◆ WORK ITEM ◆
Take the entries below and reproduce them word for word.

Top of DATASET RECORDS

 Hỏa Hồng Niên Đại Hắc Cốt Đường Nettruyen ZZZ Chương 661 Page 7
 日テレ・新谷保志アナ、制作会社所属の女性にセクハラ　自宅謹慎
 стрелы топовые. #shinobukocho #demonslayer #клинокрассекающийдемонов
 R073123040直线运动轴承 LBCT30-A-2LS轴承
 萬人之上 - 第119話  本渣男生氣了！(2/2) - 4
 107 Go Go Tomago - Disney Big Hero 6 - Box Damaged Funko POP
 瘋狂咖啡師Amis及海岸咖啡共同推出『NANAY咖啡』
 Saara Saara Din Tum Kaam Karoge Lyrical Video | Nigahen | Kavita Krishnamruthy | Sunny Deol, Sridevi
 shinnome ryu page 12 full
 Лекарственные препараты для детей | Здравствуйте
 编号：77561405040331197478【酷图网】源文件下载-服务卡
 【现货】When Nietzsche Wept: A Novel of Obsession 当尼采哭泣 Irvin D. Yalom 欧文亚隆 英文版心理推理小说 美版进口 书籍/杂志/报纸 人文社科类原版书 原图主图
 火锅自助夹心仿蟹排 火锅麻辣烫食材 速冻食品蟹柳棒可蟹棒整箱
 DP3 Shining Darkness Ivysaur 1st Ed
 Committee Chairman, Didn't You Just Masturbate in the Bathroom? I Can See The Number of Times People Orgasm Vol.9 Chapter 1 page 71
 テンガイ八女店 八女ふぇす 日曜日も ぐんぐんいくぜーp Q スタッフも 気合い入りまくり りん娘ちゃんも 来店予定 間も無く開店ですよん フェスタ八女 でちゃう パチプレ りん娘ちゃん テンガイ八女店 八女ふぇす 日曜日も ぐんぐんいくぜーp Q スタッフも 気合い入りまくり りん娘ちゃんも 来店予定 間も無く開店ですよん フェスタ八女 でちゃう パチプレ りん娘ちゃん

Bottom of DATASET RECORDS

◆ ANSWER FOR THIS EXERCISE ◆
 Hỏa Hồng Niên Đại Hắc Cốt Đường Nettruyen ZZZ Chương 661 Page 7
 日テレ・新谷保志アナ、制作会社所属の女性にセクハラ　自宅謹慎
 стрелы топовые. #shinobukocho #demonslayer #клинокрассекающийдемонов
 R073123040直线运动轴承 LBCT30-A-2LS轴承
 萬人之上 - 第119話  本渣男生氣了！(2/2) - 4
 107 Go Go Tomago - Disney Big Hero 6 - Box Damaged Funko POP
 瘋狂咖啡師Amis及海岸咖啡共同推出『NANAY咖啡』
 Saara Saara Din Tum Kaam Karoge Lyrical Video | Nigahen | Kavita Krishnamruthy | Sunny Deol, Sridevi
 shinnome ryu page 12 full
 Лекарственные препараты для детей | Здравствуйте
 编号：77561405040331197478【酷图网】源文件下载-服务卡
 【现货】When Nietzsche Wept: A Novel of Obsession 当尼采哭泣 Irvin D. Yalom 欧文亚隆 英文版心理推理小说 美版进口 书籍/杂志/报纸 人文社科类原版书 原图主图
 火锅自助夹心仿蟹排 火锅麻辣烫食材 速冻食品蟹柳棒可蟹棒整箱
 DP3 Shining Darkness Ivysaur 1st Ed
 Committee Chairman, Didn't You Just Masturbate in the Bathroom? I Can See The Number of Times People Orgasm Vol.9 Chapter 1 page 71
 テンガイ八女店 八女ふぇす 日曜日も ぐんぐんいくぜーp Q スタッフも 気合い入りまくり りん娘ちゃんも 来店予定 間も無く開店ですよん フェスタ八女 でちゃう パチプレ りん娘ちゃん テンガイ八女店 八女ふぇす 日曜日も ぐんぐんいくぜーp Q スタッフも 気合い入りまくり りん娘ちゃんも 来店予定 間も無く開店ですよん フェスタ八女 でちゃう パチプレ りん娘ちゃん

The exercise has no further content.